▶ Description of the task:
Where a picture appears, leave it out, and transcribe all the lines below exactly.

▶ The data:
────────

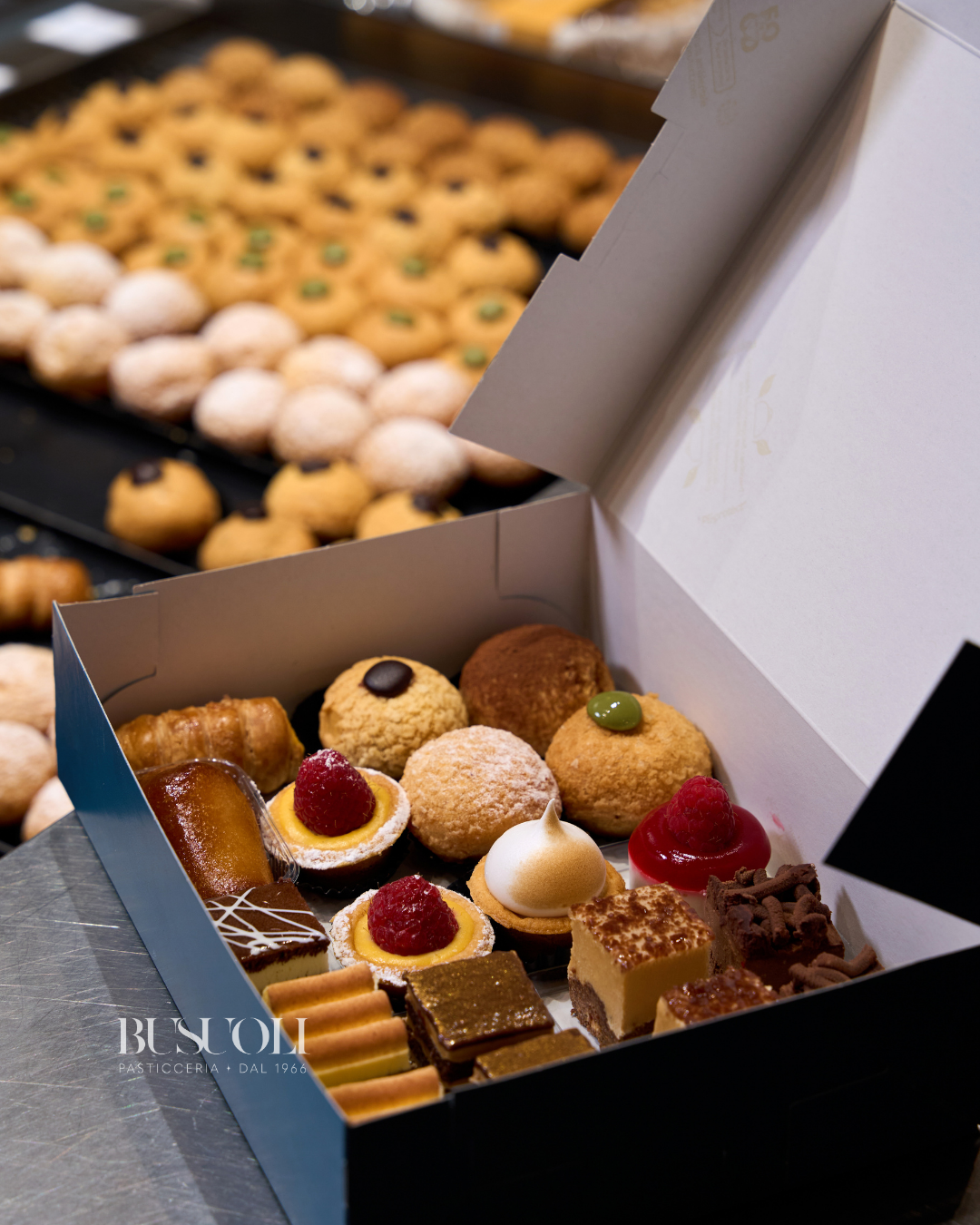 vassoio di pasticceria mignon da asporto da pasticceria busuoli mirandola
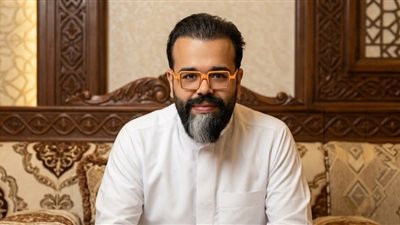  د. محمد مرحومي: بعض إعلانات الحج تتاجر بالمشايخ والمشاهير والمشاعر… والحاج يحتاج عالمًا لا نجمًا
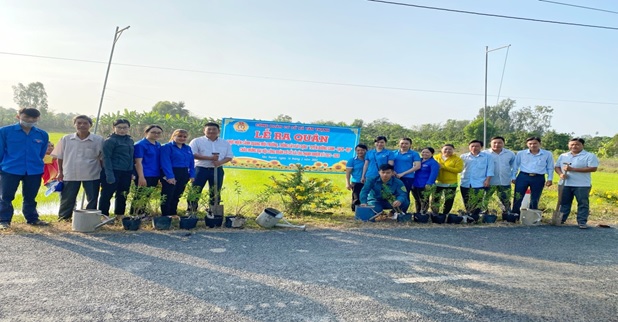 CÔNG ĐOÀN CƠ SỞ XÃ TÂN THẠNH, HUYỆN THỚI LAI XÂY DỰNG TUYẾN ĐƯỜNG “XANH – SẠCH – ĐẸP” NHẰM CHÀO MỪNG ĐẠI HỘI CÔNG ĐOÀN CƠ SỞ NHIỆM KỲ 2023 – 2028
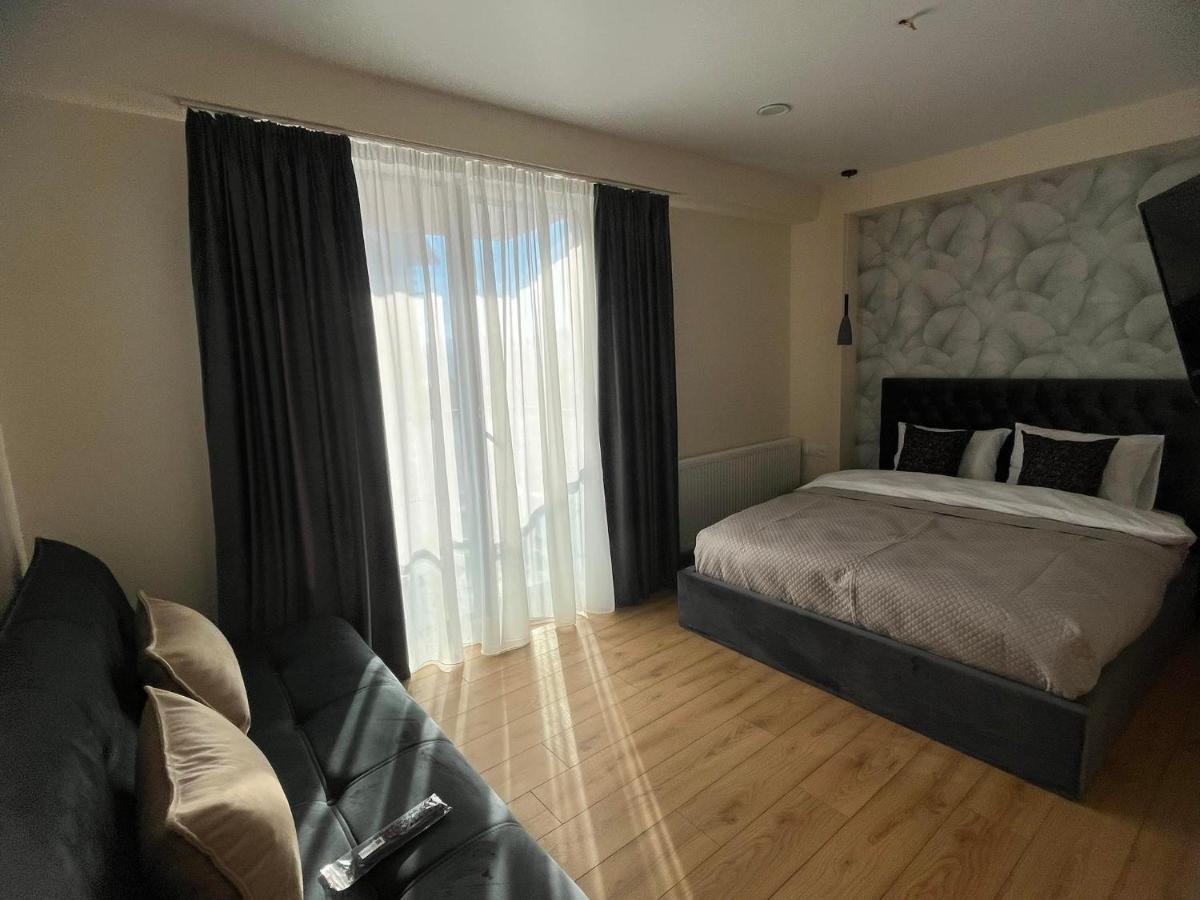 Delux Apartment For 6 Guest, New غودوري المظهر الخارجي الصورة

────────

▶ Response area:
 vassoio di pasticceria mignon da asporto da pasticceria busuoli mirandola
  د. محمد مرحومي: بعض إعلانات الحج تتاجر بالمشايخ والمشاهير والمشاعر… والحاج يحتاج عالمًا لا نجمًا
 CÔNG ĐOÀN CƠ SỞ XÃ TÂN THẠNH, HUYỆN THỚI LAI XÂY DỰNG TUYẾN ĐƯỜNG “XANH – SẠCH – ĐẸP” NHẰM CHÀO MỪNG ĐẠI HỘI CÔNG ĐOÀN CƠ SỞ NHIỆM KỲ 2023 – 2028
 Delux Apartment For 6 Guest, New غودوري المظهر الخارجي الصورة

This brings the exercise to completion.